Provided data ::
====

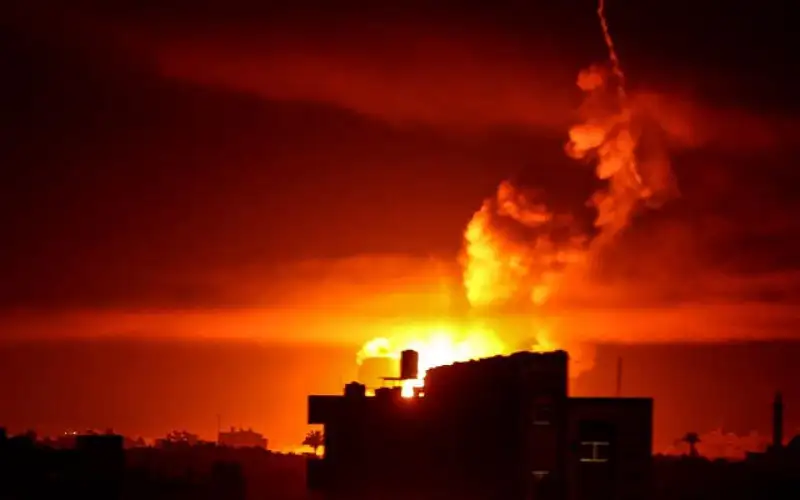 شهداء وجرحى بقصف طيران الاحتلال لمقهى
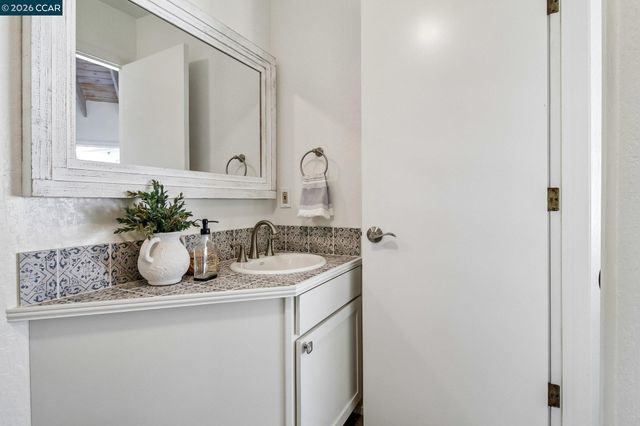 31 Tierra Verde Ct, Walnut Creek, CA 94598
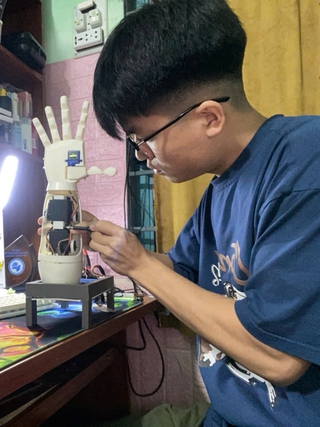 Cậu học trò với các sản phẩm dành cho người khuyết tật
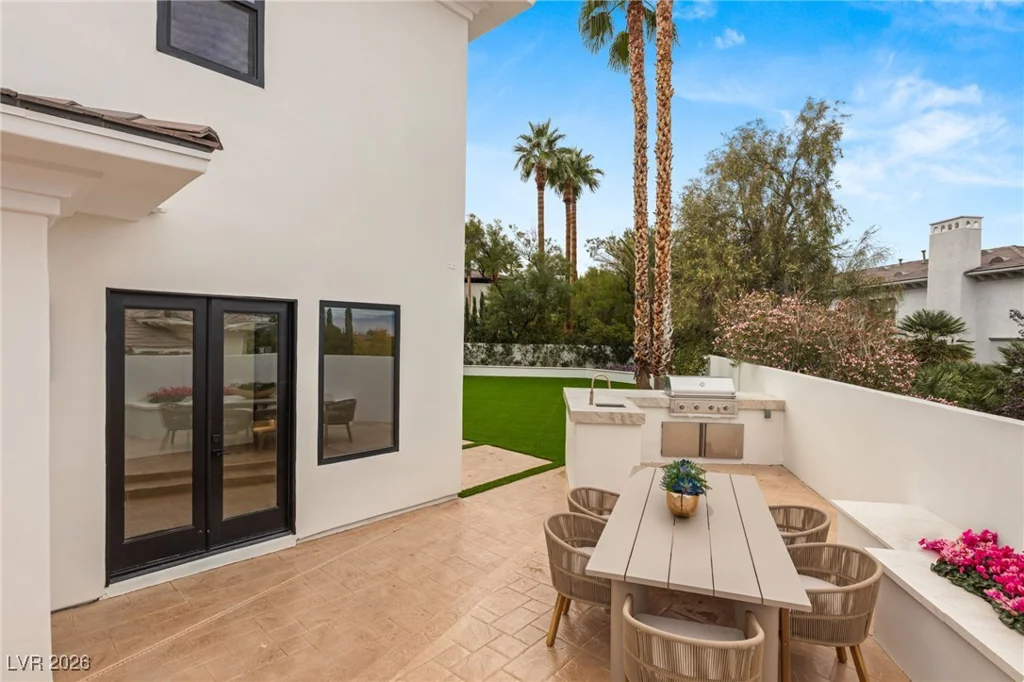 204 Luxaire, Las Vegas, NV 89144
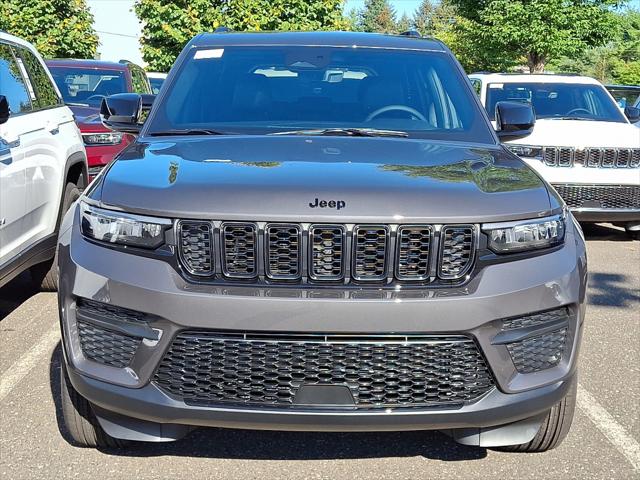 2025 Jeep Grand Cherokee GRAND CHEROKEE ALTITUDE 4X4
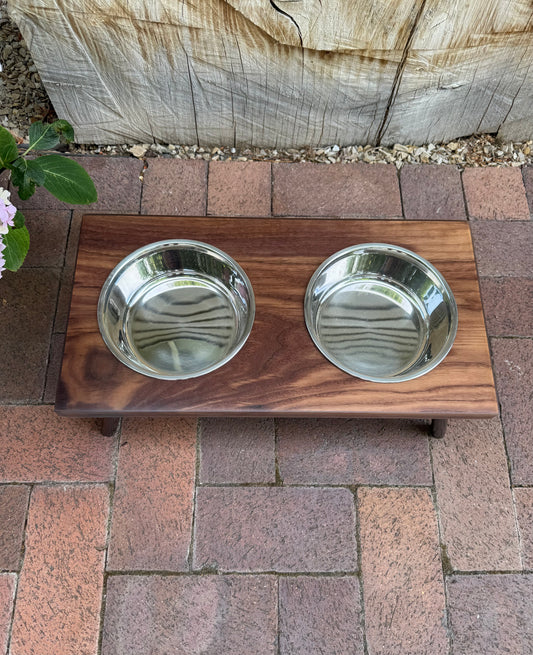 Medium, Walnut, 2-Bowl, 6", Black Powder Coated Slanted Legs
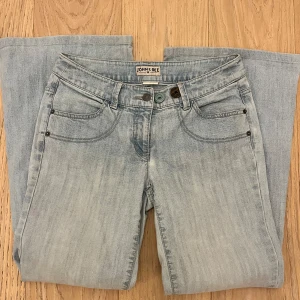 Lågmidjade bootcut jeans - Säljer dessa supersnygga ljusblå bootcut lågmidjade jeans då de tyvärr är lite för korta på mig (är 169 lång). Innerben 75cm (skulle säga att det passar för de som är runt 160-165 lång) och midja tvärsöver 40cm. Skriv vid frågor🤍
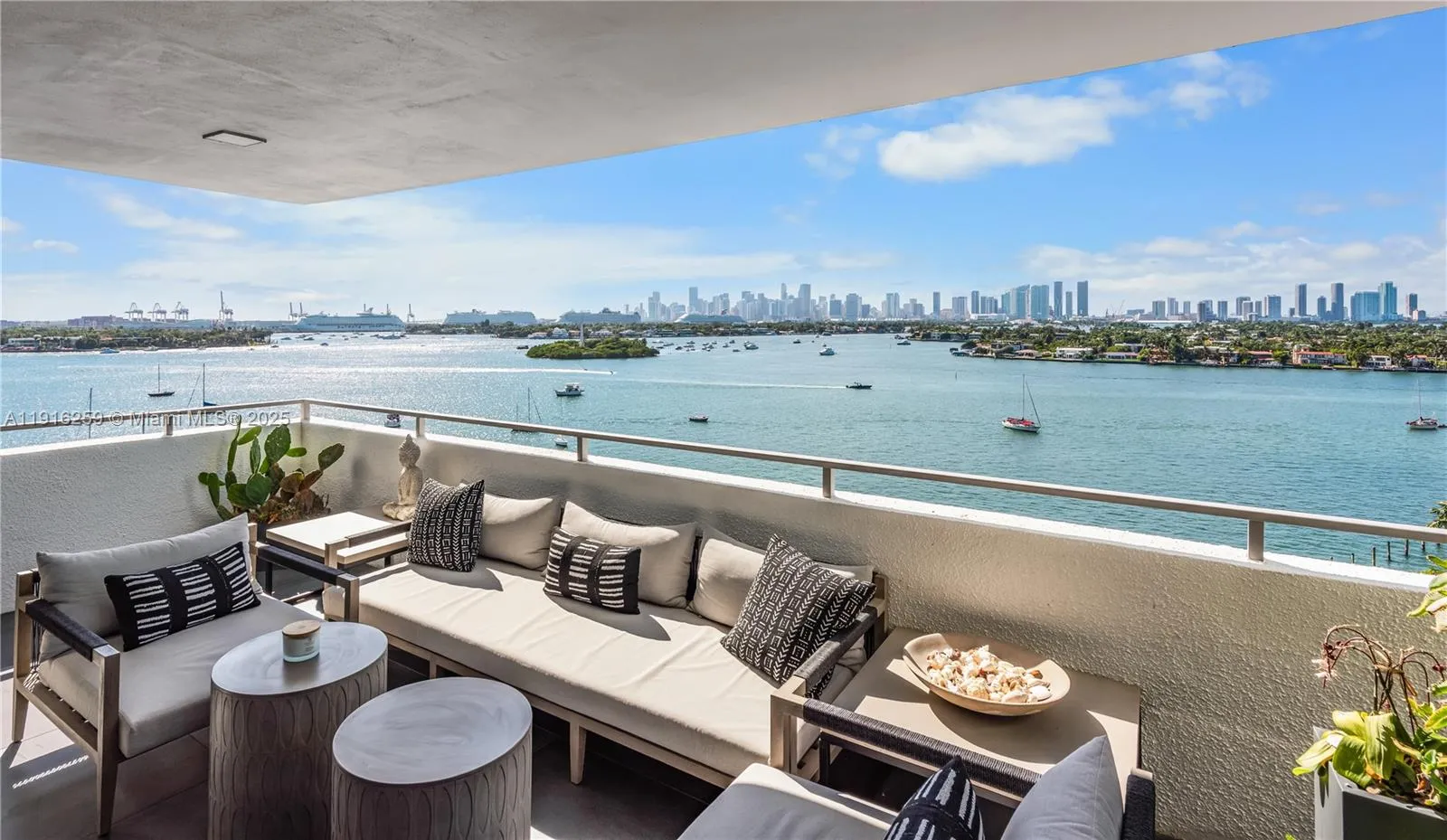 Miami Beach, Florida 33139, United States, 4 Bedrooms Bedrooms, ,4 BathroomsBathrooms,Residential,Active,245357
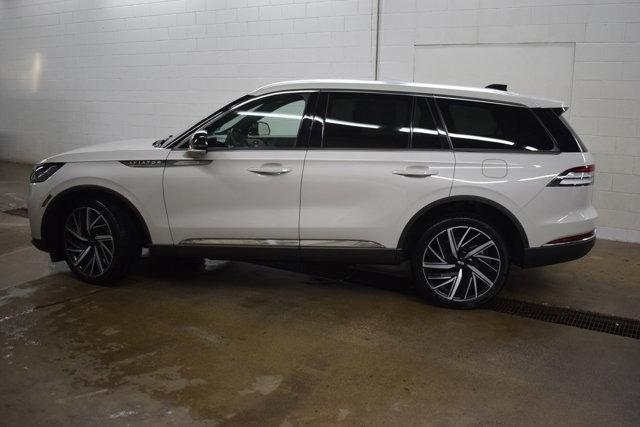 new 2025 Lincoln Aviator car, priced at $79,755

====

What you need to do ::
What is needed is an exact copy of the lines above from the one with "31 Tierra Verde Ct, Walnut Creek, CA 94598" to the one with "Coated Slanted Legs", both ends kept, and nothing more; please leave the pictures out.

Exercise output ::
 31 Tierra Verde Ct, Walnut Creek, CA 94598
 Cậu học trò với các sản phẩm dành cho người khuyết tật
 204 Luxaire, Las Vegas, NV 89144
 2025 Jeep Grand Cherokee GRAND CHEROKEE ALTITUDE 4X4
 Medium, Walnut, 2-Bowl, 6", Black Powder Coated Slanted Legs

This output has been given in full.